The chief U.S. negotiator on North Korea said Tuesday he and Japanese officials have reaffirmed their nations’ cooperation in fully implementing through “concrete action” a U.N. resolution to prevent Pyongyang from conducting more missile tests.
“We talked about the desire to coordinate and implement U.N. Security Council Resolution 1695. We want to make sure we are in sync,” Christopher Hill, the top U.S. negotiator for the six-party talks, told reporters at the Foreign Ministry in Tokyo.
“It’s very important that (the resolution) be followed up by concrete action that it calls all its member states to take,” Hill said, referring to the Security Council resolution unanimously adopted July 16 after North Korea test-fired seven ballistic missiles, including a long-range Taepodong-2 missile, on July 5.
The resolution condemns North Korea for the action, urges it to return to the six-party talks, calls for the North to re-establish a moratorium on missile launches, and requires U.N. member states to exercise vigilance to prevent the transfer of related materials and technology.
“We are interested in really trying to resolve this problem and to protect both of our countries against the possibility of further developments in North Korea’s weapons programs,” Hill said.
But he would not give details of the measures that the U.S. and Japan agreed to implement to prevent further missile tests.
Hill, the U.S. assistant secretary of state for East Asia and Pacific affairs, made his remarks after a series of meetings with Foreign Ministry officials, including his six-party talks’ counterpart, Kenichiro Sasae, head of the ministry’s Asian and Oceanian Affairs Bureau, during his two-day trip to Tokyo that began Monday.
Hill said he will was heading to China next to assess with the host of the six-party talks where they stand in the process.

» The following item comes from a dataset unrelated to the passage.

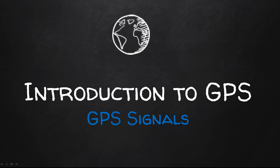Hello and welcome back to the video lecture for Introduction to GPS. The intent of this video lecture is to provide you with a short lecture that highlights key concepts pertaining to GPS. Today we're going to look at the GPS signals.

Hill will end his three-nation trip to Asia with a visit to South Korea.
On news reports that North Korean leader Kim Jong Il was heading to China as early as Tuesday, Hill said he had “no information” on Kim’s travels.
While stressing the importance of restarting the six-party talks among the two Koreas, Russia, China, Japan and the U.S., Hill indicated he was willing to have other multilateral meetings.
“We can look at other formats. . . . We can certainly look at other configurations,” he said.